What this task involves: Give back only the lines in the records below from the one with "Brunette gives blowjob" to the one with "Aquarium light Underwater", both inclusive, word for word.

Short text fragments from websites:

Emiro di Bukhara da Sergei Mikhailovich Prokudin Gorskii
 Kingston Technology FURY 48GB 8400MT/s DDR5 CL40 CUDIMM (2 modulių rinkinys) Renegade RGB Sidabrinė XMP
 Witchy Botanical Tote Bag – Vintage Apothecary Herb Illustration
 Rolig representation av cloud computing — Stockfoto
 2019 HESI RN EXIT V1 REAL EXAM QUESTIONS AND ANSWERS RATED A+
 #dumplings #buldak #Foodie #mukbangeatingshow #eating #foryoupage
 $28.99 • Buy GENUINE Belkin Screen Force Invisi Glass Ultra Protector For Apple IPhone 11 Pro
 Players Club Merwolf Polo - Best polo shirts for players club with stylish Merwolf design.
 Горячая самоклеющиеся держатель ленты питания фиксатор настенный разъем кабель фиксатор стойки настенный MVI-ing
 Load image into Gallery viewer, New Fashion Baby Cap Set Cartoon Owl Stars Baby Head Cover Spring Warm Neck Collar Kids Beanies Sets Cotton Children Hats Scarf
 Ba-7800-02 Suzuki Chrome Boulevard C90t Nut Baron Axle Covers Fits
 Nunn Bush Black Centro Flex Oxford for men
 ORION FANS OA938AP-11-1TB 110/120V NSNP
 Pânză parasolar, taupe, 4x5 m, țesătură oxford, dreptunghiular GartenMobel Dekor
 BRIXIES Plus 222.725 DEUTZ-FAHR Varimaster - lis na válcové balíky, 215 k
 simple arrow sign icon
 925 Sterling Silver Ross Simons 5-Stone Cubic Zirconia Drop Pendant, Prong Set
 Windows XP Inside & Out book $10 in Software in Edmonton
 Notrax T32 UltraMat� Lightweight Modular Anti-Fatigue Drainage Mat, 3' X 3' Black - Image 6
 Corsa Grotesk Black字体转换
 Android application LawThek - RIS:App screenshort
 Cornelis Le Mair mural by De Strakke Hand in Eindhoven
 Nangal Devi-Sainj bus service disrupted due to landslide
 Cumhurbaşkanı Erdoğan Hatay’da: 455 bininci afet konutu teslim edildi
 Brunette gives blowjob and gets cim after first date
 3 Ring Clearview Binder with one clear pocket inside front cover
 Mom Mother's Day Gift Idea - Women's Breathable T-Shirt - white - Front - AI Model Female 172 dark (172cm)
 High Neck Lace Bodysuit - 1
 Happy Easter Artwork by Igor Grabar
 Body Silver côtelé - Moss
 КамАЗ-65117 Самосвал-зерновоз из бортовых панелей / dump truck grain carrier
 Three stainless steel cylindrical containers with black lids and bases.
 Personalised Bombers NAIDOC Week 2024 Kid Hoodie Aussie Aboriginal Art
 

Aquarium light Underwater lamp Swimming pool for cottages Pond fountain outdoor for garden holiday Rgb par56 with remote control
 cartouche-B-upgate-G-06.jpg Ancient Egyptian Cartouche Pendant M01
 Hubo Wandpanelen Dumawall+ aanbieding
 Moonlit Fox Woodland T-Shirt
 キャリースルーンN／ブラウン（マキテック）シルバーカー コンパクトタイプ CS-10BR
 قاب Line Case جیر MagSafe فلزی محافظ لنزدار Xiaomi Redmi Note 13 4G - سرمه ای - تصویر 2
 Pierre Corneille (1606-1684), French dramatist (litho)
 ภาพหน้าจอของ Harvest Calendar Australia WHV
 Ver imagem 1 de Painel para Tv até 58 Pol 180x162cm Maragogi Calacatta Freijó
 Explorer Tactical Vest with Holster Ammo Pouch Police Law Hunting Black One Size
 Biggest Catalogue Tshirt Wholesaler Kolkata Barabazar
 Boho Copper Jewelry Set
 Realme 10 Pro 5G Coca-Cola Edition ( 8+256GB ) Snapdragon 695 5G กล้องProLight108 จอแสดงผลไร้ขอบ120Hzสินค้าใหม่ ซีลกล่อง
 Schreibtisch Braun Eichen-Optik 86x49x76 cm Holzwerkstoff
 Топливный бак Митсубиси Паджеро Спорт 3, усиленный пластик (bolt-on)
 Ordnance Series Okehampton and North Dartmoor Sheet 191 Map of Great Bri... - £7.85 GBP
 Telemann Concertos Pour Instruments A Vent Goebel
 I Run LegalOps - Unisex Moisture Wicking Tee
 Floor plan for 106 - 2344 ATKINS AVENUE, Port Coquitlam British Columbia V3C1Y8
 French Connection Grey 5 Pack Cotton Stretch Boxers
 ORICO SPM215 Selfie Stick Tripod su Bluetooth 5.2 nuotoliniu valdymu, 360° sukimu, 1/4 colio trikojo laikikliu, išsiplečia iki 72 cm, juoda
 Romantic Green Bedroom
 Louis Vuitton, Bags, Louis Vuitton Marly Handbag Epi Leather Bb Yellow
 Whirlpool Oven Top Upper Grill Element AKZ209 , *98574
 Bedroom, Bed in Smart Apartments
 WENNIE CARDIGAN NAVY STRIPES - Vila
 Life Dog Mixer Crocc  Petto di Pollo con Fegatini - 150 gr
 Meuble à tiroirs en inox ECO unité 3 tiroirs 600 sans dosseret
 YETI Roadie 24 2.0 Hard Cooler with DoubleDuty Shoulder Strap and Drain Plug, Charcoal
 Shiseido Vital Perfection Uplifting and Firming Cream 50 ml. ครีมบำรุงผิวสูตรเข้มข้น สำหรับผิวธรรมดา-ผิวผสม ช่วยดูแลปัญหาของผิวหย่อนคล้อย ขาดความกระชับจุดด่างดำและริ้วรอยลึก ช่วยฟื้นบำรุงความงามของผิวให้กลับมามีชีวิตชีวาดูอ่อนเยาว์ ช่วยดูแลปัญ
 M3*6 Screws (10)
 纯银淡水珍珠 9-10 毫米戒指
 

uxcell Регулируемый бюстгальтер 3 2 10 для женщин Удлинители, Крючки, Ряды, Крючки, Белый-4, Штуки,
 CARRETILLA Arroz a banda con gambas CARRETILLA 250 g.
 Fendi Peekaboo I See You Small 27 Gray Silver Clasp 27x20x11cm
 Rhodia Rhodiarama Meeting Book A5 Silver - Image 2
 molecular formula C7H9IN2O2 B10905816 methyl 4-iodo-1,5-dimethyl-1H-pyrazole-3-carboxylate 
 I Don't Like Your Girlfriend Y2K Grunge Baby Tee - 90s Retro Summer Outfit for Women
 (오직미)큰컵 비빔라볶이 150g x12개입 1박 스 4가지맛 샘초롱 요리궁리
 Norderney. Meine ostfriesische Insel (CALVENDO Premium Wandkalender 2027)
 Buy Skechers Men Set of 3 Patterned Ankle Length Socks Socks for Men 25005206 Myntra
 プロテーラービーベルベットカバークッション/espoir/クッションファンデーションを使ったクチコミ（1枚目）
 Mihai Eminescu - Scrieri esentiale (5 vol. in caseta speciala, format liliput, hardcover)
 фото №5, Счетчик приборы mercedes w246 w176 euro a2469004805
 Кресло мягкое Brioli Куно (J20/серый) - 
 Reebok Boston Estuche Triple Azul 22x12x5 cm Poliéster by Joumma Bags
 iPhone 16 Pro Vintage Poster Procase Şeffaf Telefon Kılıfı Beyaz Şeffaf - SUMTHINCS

Response to this exercise:
 Brunette gives blowjob and gets cim after first date
 3 Ring Clearview Binder with one clear pocket inside front cover
 Mom Mother's Day Gift Idea - Women's Breathable T-Shirt - white - Front - AI Model Female 172 dark (172cm)
 High Neck Lace Bodysuit - 1
 Happy Easter Artwork by Igor Grabar
 Body Silver côtelé - Moss
 КамАЗ-65117 Самосвал-зерновоз из бортовых панелей / dump truck grain carrier
 Three stainless steel cylindrical containers with black lids and bases.
 Personalised Bombers NAIDOC Week 2024 Kid Hoodie Aussie Aboriginal Art
 

Aquarium light Underwater lamp Swimming pool for cottages Pond fountain outdoor for garden holiday Rgb par56 with remote control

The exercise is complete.